*** Opening INFORMATION SUPPLIED ***
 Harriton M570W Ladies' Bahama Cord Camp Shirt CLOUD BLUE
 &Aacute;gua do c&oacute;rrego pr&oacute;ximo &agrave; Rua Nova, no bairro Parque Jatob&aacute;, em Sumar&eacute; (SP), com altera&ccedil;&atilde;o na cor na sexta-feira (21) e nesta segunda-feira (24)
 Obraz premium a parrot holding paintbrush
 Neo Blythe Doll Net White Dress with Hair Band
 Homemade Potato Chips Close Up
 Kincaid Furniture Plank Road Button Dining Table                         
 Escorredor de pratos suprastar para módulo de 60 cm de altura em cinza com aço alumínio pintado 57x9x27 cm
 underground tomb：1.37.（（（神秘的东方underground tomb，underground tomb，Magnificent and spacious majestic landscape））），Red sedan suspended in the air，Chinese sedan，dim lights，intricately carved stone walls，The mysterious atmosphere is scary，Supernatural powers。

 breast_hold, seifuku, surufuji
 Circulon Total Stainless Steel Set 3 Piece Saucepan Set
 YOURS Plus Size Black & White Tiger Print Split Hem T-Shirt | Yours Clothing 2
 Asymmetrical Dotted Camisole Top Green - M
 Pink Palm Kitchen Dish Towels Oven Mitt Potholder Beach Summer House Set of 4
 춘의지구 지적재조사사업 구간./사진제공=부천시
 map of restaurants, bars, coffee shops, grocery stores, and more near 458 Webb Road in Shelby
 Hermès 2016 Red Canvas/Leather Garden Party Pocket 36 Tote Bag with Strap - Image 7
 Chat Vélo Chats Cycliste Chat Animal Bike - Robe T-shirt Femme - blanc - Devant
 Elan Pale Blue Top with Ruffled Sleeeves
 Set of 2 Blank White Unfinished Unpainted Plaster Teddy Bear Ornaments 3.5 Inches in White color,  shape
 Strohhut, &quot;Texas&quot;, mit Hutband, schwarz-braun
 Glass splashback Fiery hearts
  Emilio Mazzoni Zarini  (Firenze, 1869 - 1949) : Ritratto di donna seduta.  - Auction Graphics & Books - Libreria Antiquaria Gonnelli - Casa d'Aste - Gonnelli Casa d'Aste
*** Closing INFORMATION SUPPLIED ***
TO DO:
Whatever appears in the data above is to be set down exactly.

ANSWER SPACE:
 Harriton M570W Ladies' Bahama Cord Camp Shirt CLOUD BLUE
 &Aacute;gua do c&oacute;rrego pr&oacute;ximo &agrave; Rua Nova, no bairro Parque Jatob&aacute;, em Sumar&eacute; (SP), com altera&ccedil;&atilde;o na cor na sexta-feira (21) e nesta segunda-feira (24)
 Obraz premium a parrot holding paintbrush
 Neo Blythe Doll Net White Dress with Hair Band
 Homemade Potato Chips Close Up
 Kincaid Furniture Plank Road Button Dining Table                         
 Escorredor de pratos suprastar para módulo de 60 cm de altura em cinza com aço alumínio pintado 57x9x27 cm
 underground tomb：1.37.（（（神秘的东方underground tomb，underground tomb，Magnificent and spacious majestic landscape））），Red sedan suspended in the air，Chinese sedan，dim lights，intricately carved stone walls，The mysterious atmosphere is scary，Supernatural powers。

 breast_hold, seifuku, surufuji
 Circulon Total Stainless Steel Set 3 Piece Saucepan Set
 YOURS Plus Size Black & White Tiger Print Split Hem T-Shirt | Yours Clothing 2
 Asymmetrical Dotted Camisole Top Green - M
 Pink Palm Kitchen Dish Towels Oven Mitt Potholder Beach Summer House Set of 4
 춘의지구 지적재조사사업 구간./사진제공=부천시
 map of restaurants, bars, coffee shops, grocery stores, and more near 458 Webb Road in Shelby
 Hermès 2016 Red Canvas/Leather Garden Party Pocket 36 Tote Bag with Strap - Image 7
 Chat Vélo Chats Cycliste Chat Animal Bike - Robe T-shirt Femme - blanc - Devant
 Elan Pale Blue Top with Ruffled Sleeeves
 Set of 2 Blank White Unfinished Unpainted Plaster Teddy Bear Ornaments 3.5 Inches in White color,  shape
 Strohhut, &quot;Texas&quot;, mit Hutband, schwarz-braun
 Glass splashback Fiery hearts
  Emilio Mazzoni Zarini  (Firenze, 1869 - 1949) : Ritratto di donna seduta.  - Auction Graphics & Books - Libreria Antiquaria Gonnelli - Casa d'Aste - Gonnelli Casa d'Aste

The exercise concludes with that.